My current favorites are Kaenon. Great quality and they seem to do the best in both low, flat light and bright sun (so I don't need to change lenses). These and the Costas are the ones I wear the most. They are as good as the Costas in bright light and much better in low light.


----------



## Pupknuckle (Aug 15, 2008)

Mauis are my choice. I have 4 pairs. Their customer svce has been nothing short of excellent. They have even made repairs at no cost when glasses were out of wty.


----------



## Birdshot (Dec 31, 2008)

Costa's with a 580 lense are hard to beat. I had mine for a few years now they're great. I did send them back once as the rubber replaced around the ear piece. The customer service was fine.


----------



## Hoytman (Jun 23, 2003)

Rick,
Have you tried a nose piece style that moves that glasses further from your face? I went to this style of safety glasses at work and the fogging problem is much, much better. I discovered this (less fogging) by accident. My actual goal was to get something to fit that didn't touch my cheeks when I smiled, continually dirtying my lenses and driving me nuts. I ended up killing 2 birds with 1 stone...pun intended because it has helped in the duck blind as well.

Bill


----------



## Rick Hall (Jan 21, 2003)

Hoytman said:


> Rick,
> Have you tried a nose piece style that moves that glasses further from your face?


No, but I perhaps should, because it makes sense that more ventilation should reduce fogging. That's one reason I went with my current, open at the bottom and outside edges style. But I see everyone and their third cousin wearing close fitting little goggle-like lens, and can't help but wonder how they can be so popular if they fog like I'd think they would.


----------



## DoubleHaul (Jul 22, 2008)

Rick Hall said:


> But I see everyone and their third cousin wearing close fitting little goggle-like lens, and can't help but wonder how they can be so popular if they fog like I'd think they would.

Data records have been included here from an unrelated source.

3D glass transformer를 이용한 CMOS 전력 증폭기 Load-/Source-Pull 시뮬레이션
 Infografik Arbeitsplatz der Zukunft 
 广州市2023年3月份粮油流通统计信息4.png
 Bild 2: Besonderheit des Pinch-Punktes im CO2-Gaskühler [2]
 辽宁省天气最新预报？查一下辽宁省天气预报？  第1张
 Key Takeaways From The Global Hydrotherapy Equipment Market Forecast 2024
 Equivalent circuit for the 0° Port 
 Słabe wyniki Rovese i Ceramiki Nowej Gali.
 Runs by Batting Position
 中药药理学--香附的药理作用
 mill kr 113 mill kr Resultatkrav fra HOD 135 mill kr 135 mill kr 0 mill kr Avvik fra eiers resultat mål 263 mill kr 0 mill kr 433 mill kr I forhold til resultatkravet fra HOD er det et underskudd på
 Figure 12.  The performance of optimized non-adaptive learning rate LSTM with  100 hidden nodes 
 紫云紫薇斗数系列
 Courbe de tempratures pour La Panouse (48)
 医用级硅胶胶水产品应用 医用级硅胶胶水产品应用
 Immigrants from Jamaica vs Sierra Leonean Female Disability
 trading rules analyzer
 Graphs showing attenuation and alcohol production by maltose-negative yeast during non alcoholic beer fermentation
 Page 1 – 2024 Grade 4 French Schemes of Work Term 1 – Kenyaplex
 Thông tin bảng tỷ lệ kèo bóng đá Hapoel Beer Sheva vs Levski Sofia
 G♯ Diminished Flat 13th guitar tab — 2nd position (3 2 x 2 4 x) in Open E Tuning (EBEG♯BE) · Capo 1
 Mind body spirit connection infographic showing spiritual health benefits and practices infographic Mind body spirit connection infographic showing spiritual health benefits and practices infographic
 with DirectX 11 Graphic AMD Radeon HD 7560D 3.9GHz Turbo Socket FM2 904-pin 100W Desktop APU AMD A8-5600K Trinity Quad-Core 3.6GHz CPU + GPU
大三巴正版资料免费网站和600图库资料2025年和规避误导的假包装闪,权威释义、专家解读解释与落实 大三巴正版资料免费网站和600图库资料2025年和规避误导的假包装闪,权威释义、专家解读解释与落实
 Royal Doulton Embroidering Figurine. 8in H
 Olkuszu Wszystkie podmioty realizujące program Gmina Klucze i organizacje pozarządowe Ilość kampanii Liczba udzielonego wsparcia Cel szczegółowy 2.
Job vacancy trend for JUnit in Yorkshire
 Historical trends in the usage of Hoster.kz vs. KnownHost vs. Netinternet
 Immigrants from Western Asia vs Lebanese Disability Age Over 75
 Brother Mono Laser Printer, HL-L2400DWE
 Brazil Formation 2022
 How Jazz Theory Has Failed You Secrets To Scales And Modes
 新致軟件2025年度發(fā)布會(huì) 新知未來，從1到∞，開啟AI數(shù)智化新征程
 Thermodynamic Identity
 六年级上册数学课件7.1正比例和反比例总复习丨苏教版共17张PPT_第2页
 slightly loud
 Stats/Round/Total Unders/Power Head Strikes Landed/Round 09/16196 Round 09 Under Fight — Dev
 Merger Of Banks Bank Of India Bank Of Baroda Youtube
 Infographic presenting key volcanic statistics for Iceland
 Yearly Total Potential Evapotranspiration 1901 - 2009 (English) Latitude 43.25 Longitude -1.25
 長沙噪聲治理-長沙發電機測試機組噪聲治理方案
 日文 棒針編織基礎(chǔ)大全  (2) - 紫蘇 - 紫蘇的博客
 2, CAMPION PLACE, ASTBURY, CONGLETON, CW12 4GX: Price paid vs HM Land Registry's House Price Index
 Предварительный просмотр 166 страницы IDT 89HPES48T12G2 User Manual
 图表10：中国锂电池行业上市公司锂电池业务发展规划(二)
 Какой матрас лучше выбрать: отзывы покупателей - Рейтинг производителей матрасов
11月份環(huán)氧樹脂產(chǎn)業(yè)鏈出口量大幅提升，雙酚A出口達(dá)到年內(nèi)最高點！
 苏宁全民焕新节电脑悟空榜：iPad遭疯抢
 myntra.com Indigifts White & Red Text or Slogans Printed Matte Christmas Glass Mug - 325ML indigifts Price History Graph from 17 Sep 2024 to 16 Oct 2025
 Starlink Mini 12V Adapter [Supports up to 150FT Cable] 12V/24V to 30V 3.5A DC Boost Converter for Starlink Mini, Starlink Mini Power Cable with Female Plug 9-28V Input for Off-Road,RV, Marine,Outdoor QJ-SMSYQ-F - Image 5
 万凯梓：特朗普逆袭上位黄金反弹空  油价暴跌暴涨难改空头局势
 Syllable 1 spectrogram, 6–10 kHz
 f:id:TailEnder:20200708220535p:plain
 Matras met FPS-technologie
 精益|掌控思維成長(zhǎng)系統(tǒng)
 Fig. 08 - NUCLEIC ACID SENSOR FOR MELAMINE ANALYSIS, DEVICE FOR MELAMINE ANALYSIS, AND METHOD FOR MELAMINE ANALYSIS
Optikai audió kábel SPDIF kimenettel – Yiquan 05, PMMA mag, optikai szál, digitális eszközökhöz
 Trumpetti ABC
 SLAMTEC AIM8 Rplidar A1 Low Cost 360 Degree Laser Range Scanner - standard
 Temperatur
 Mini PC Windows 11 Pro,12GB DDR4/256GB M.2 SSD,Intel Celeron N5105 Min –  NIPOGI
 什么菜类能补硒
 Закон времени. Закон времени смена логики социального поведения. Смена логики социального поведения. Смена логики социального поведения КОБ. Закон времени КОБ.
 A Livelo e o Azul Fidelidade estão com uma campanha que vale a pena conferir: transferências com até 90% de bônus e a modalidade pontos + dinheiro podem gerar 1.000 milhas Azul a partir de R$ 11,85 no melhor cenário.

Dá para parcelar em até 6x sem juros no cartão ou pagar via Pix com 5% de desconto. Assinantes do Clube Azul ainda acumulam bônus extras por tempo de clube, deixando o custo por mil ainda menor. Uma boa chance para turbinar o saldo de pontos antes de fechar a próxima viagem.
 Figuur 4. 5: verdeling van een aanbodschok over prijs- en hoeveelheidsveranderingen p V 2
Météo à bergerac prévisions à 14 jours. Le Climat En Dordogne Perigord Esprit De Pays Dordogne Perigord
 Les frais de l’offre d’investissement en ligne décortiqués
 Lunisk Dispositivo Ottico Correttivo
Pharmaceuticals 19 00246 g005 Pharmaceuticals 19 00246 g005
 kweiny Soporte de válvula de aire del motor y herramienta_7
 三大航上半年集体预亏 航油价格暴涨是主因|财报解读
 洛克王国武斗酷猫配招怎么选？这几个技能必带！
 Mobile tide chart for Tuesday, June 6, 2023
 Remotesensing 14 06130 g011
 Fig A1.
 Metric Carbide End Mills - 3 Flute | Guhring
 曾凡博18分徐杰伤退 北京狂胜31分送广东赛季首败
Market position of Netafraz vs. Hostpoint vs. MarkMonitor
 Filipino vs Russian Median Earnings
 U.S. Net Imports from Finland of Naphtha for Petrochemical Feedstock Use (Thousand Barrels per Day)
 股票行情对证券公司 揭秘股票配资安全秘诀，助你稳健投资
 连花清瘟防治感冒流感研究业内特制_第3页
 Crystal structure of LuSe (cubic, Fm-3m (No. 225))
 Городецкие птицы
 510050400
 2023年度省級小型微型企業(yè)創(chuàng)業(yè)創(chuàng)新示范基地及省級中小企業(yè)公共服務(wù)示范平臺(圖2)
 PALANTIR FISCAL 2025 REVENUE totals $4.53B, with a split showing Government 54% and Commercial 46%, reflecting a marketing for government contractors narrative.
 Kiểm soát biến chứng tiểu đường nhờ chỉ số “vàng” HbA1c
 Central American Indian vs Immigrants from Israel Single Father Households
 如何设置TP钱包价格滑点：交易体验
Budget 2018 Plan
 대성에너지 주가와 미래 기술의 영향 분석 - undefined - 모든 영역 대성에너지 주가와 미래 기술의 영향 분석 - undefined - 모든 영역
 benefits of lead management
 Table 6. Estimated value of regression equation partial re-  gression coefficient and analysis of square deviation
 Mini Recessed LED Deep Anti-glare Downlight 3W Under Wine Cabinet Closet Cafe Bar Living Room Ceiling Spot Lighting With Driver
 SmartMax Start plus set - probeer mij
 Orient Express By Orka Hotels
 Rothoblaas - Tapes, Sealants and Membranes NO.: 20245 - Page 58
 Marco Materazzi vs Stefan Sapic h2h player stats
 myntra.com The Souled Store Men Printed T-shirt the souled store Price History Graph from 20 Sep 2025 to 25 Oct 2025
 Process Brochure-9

That style does fog more than the more "glasses-like" sunglasses. However if you are trying to spot a tailing bonefish in bright sunlight, the reduced glare from reduced side leakage helps. It is a trade off.


----------



## mlp (Feb 20, 2009)

Thanks for all the reply's. I tried the costa's and the maui's out and decided to go with the maui's. The len's is very clear and they are feather light. It was a tough decision but maybe I made the right one.

Thanks everyone


----------



## Brad B (Apr 29, 2004)

Oakleys only!


----------



## Troy B (May 25, 2005)

I wore Oakleys for a long time and still do when I coach baseball (only because I still have some) but I wear Costa's daily. I have a pair I wear to work and to train in and another pair that my wife requested I get as they're more stylish. Costa's are by far the best sunglasses I've ever worn, the 580's are a great lense and the frames are comfortable and durable.


----------



## TANK (Oct 25, 2007)

I like my Costa Triple Tails. Never used CS but I have a friend that did on a pair and got his fixed with no problems.


----------



## Steve Hester (Apr 14, 2005)

mlp said:


> Thanks for all the reply's. I tried the costa's and the maui's out and decided to go with the maui's. The len's is very clear and they are feather light. It was a tough decision but maybe I made the right one.
> 
> Thanks everyone


You'll never look back!!


----------



## Jeffrohm3 (Oct 14, 2010)

thats nice


----------



## Robert C (Feb 23, 2010)

One thing I can say is that Ray Ban's customer service is very poor. I had a pair break a screw in them within nine months of purchasing them, sent them in for service, and they said I had to buy a new pair, at a price that was higher than what I paid for them from a dealer.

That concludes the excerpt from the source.